:: Exercise ::
Only the stretch of the listing below that runs from the line with "Пластилин Мульти-Пульти Енот" through the line with "Vlucht Traumahelikopter PH-TTR" is to be printed, exactly and with both ends.

:: Data for the task ::
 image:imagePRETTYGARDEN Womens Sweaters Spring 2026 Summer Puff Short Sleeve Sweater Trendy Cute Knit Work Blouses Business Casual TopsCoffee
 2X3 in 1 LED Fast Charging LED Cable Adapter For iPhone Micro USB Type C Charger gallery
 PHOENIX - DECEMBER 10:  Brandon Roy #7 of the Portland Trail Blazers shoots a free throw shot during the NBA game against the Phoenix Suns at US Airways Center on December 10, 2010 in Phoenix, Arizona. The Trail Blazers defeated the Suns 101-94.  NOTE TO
...
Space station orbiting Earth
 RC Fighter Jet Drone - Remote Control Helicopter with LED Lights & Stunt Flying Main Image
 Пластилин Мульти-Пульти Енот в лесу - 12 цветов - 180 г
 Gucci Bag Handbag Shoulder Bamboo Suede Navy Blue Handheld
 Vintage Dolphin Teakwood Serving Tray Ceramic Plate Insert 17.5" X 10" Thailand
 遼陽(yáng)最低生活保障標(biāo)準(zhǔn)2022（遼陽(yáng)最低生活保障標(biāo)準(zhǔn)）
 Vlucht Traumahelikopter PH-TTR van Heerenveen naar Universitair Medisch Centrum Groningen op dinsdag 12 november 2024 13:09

:: Solved problem ::
 Пластилин Мульти-Пульти Енот в лесу - 12 цветов - 180 г
 Gucci Bag Handbag Shoulder Bamboo Suede Navy Blue Handheld
 Vintage Dolphin Teakwood Serving Tray Ceramic Plate Insert 17.5" X 10" Thailand
 遼陽(yáng)最低生活保障標(biāo)準(zhǔn)2022（遼陽(yáng)最低生活保障標(biāo)準(zhǔn)）
 Vlucht Traumahelikopter PH-TTR van Heerenveen naar Universitair Medisch Centrum Groningen op dinsdag 12 november 2024 13:09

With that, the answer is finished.